▶ **Exercise instructions**
Write out exactly the lines below starting at the one containing "Ми з чоловіком" and ending at the one containing "laleczka Magic Witchy Surprises". Omit every picture.

▶ **Data for the task**
[Start of section]

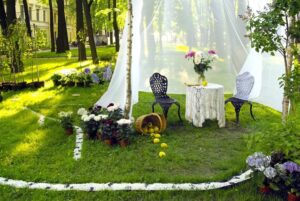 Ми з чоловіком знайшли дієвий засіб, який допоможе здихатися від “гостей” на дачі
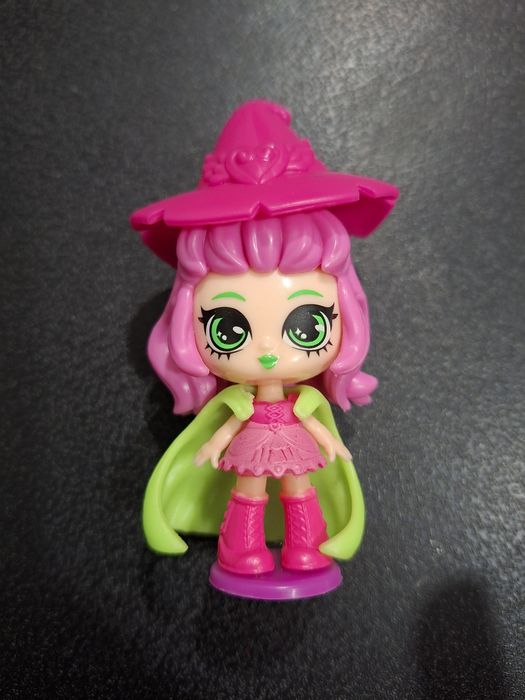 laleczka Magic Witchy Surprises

[End of section]
[Start of section]

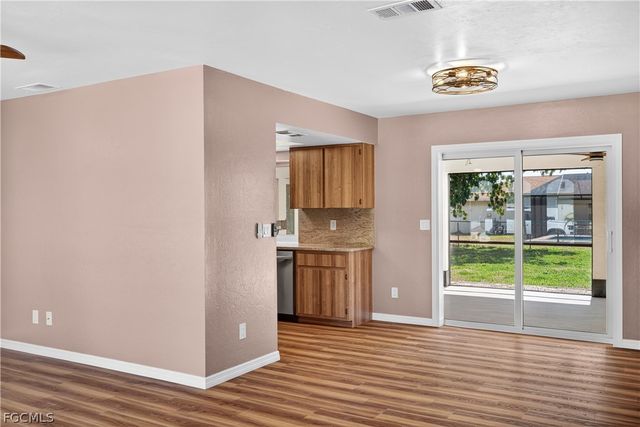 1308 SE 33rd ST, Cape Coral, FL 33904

[End of section]

▶ **Response to this exercise**
 Ми з чоловіком знайшли дієвий засіб, який допоможе здихатися від “гостей” на дачі
 laleczka Magic Witchy Surprises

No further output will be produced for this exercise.